O amor é lindo como um tornado visto do espaço

As pessoas que sobrevivem a catástrofes naturais tornam-se indefesas ou cruéis.

A catástrofe natural é dos acontecimentos mais terríveis para o homem. Não porque, em minutos, lhe tira tudo o que lhe demora uma vida a construir. Não porque vem sem aviso, e mesmo que avisasse, nada poderia ser feito para evitar a devastação. Nem porque faz aflorar o instinto de sobrevivência que reduz o homem a animal e o leva a fazer escolhas que no seu estado de racionalidade não faria. Muito menos por deixar para sempre a marca da sua passagem na memória dos homens.

Por muito que se reconstrua, por mais perfeita que seja a reconstituição, não se pode reconstituir a memória do homem, as perdas emocionais, as perdas de pessoas que lhe serviam de referência. Não se pode apagar da memória de um homem as coisas que ele fez, pensou e disse nos momentos em que escolheu entre a sua vida e a vida de outro, entre matar ou morrer. Não se pode apagar a usurpação da dignidade de um homem que foi obrigado a fazer e a dizer certas coisas para continuar vivo.

A catástrofe natural é dos acontecimentos mais terríveis para o ser humano porque a ninguém se pode atribuir a culpa. Há sempre um pequeno alívio quando há alguém a quem culpar, alguém a quem perseguir incansavelmente até que se faça justiça, mesmo que não se tenha uma ideia clara do tipo de justiça que se pretende ver feita. Não havendo a quem culpar, fica-nos aquele vazio de objectivo imediato. Só nos resta a reconstrução de uma realidade que sabemos, agora, ser apenas temporária. Temos a consciência aterrorizada pela percepção da inconstância da vida, da efemeridade dos dias, de nada mais estar sob o nosso controlo e isso impede-nos a vida que nos sobrou. Quando olhamos para o céu sentimos um prazer enorme a observá-lo apenas porque temos a certeza absoluta que ele não nos vai cair em cima a qualquer momento.
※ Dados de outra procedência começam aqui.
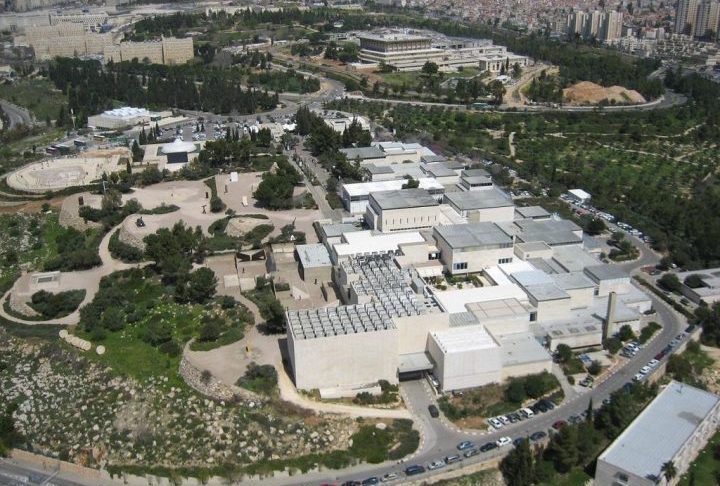 Além de seu valor religioso, Jerusalém possui um imenso patrimônio arqueológico e cultural. O Museu de Israel, por exemplo, hospeda o famoso Santuário do Livro (com os Manuscritos do Mar Morto), oferecem uma visão profunda da história milenar da região.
Contamos as estrelas, desenhamos nas nuvens, apenas porque sabemos que elas permanecem ali, no seu lugar próprio, sob o nosso controlo. A partir do momento em que começamos a pensar que poderá não ser assim somos invadidos por aquele terror que faz homens barbudos comportarem-se como crianças indefesas e órfãs, tristes, patéticas.

Depois de uma catástrofe natural não sabemos muito bem o que fazer, por onde começar. Sabemos que temos que fazer, temos! Mas não temos forças. Não apetece. Não nos sobrou fôlego porque o gastámos todo a sobreviver. Entramos em luto, choramos, olhamos em volta e choramos mais um pouco e ninguém nos diz nada. Podemos chorar sem que nos digam que isso não é de homem. Depois sentimos fome e a vida volta a correr-nos nas veias. Começamos, então a limpar os restos, os destroços, a abrir caminho para uma nova existência em que, daqui a nada, já nos sentiremos seguros o suficiente para olhar novamente as estrelas sem medo que elas nos caiam em cima.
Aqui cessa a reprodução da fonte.